Ayat Al-Quran ini sesungguhnya mengajarkan kepada kita semua akan
penting dan perlunya memberlakukan perbedaan dan pluralitas secara arif. Yaitu
untuk saling mengenal dan belajar atas adanya perbedaan dan pluratas itu untuk
saling membangun dan memperkuat saling pengertian dan tidak melihatnya hanya
dalam prespektif tinggi dan rendah atau baik dan buruk. Tinggi rendah rendahnya
manusia di hadapan Tuhan tidak ditentukan oleh adanya realitas perbedaan dan
pluralitas, tetapi oleh kadar ketaqwaannya.
4.
Pluralisme Agama
Agama merupakan entitas yang mengandung, mengutip perkataan para
ahli sosiologi agama, pandangan-pandangan dasar di mana suatu kelompok atau
masyarakat manusia mengorganisir kehidupan mereka (the grounds of meaning).
Yakni, memuat orientasi-orientaasi dasar terhdap kehidupan kemanusiaan,
kemasyarakatan, konsep-konsep megenai waktu dan makna mati, serta konsep-konsep
kosmologis dasar dalam hubungannya dengan eksistensi manusia.[4]
Berbagai keyakinan agama menggunakan simbol yang berbeda untuk
mengekspresikan Yang Maha Mutlak. Ekspresi tersebut muncul dalam banyak tradisi
keberagamaan seperti Allah, Vishnu, Amitabha dan lain sebagainya. Teolog
Kristen seperti John Hick dapat disebut sebagai pencetus dan penyebar pandangan
ini.
Pluralisme dalam konteks agama, akan terjadi jika para pemeluk
agama membuka diri dengan beresedia berdialog terbuka. Diantara para pemeluk
agama, mereka saling menghormati dan bisa bermitra dengan agama lain.
Pluralisme agama dalam praktiknya tidak hanya mengakui adanya
keragaman pemikiran, kehidupan, tingkah laku dan perbedaan dalam setiap agama.
Jauh lebih penting adalah adanya kesadaran untuk hidup bersama di atas
perbedaan dengan menjunjung tinggi nilai kebersamaan, kententraman dan
kemanusiaan. Kehidupan sosial yang semakin kompleks, pesoalan yang dihadapi
pluralisme juga semakin berat. Pada posisi ini paham pluralis agama bisa
menyumbangkan perannya secara nyata di masyarakat.
Ruang kebebasan untuk berekspreri dan pengalaman agama diberikan
dalam paham pluralisme.
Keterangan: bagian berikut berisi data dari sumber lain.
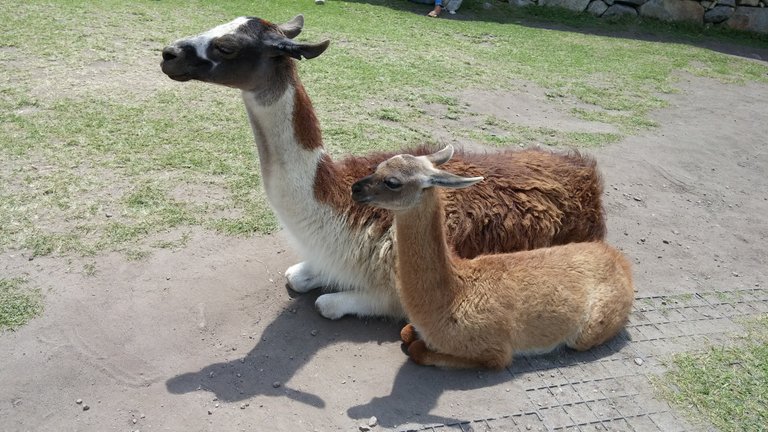 llama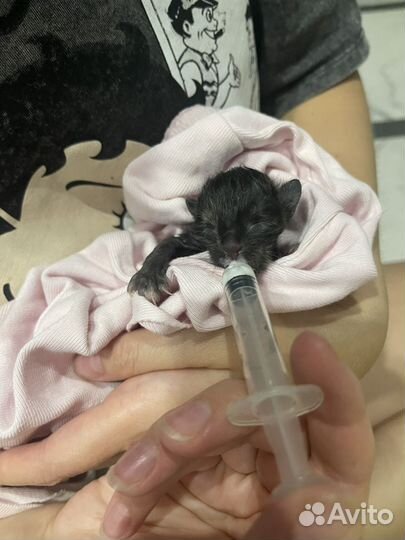 Отдам котят бесплатно в добрые руки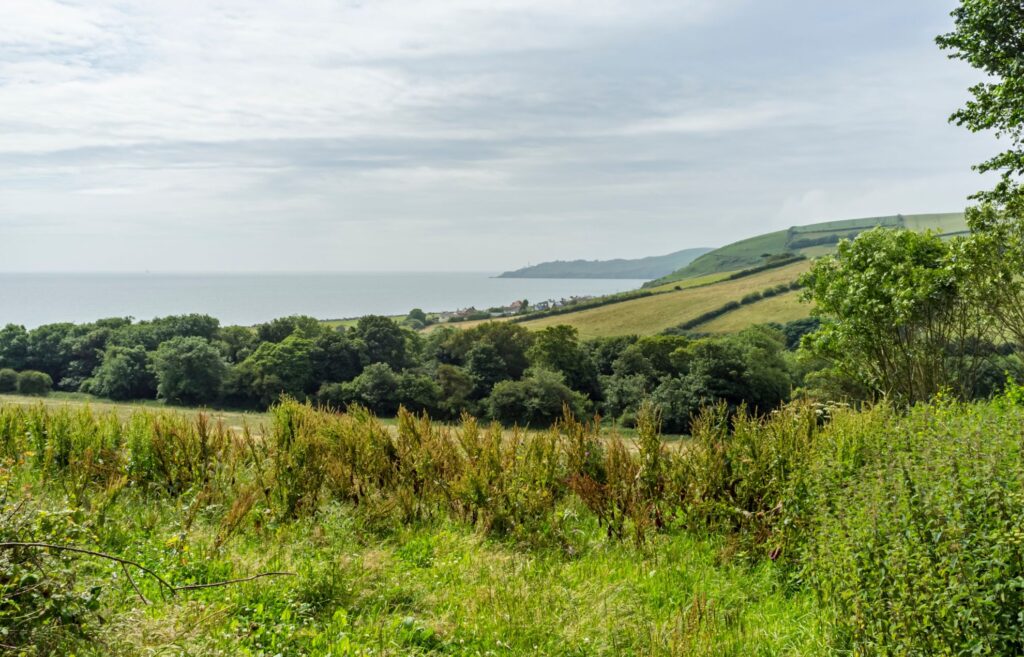 Coastal walk in Beesands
Bahkan sampai munculnya aliran atau sekte dalam agam
bukan suatu hal tabu. Oleh karena munculnya aliran dalam agama mendapat
kesempatan secara terbuka, maka untuk antisipasi atas kebebasan tersebut perlu
kiranya memberikan sebuah batasan yang bisa dijadikan alasan pembenar untuk
memasukkan sebuah aliran dalam kategori sesat dan tidak sesat.
5.
Pluralisme Agama dalam Islam
Islam memiliki sejarah yang panjang dalam merespon keberagaman
masyarakat. Sosok ideal normatif Islam yang sudah di contohkan Rasul dalam
membangun kebersamaan harus tetap dijaga, dan tidak dicederai oleh gerakan yang
hanya dipicu egoisme, dan arogansi masing-masing kelompok. Fakta yang terjadi
atas konflik dangan atas nama agama, merupakan problem yang harus dicarikan
jalan keluar, agar kristalisasi internal yang cenderung kian menguat dan
mengarah ke konflik terbuka, karena hanya akan membahayakan tatanan sosial
masyarakat pluralis. Kenyataan ini seharusnya disadari betul, bahwa penataan
dan pengaturan masyarakat akan menemukan kiatnya sampai pada batas yang sangat
memungkinkan baik di internal maupun di eksternal antar agama.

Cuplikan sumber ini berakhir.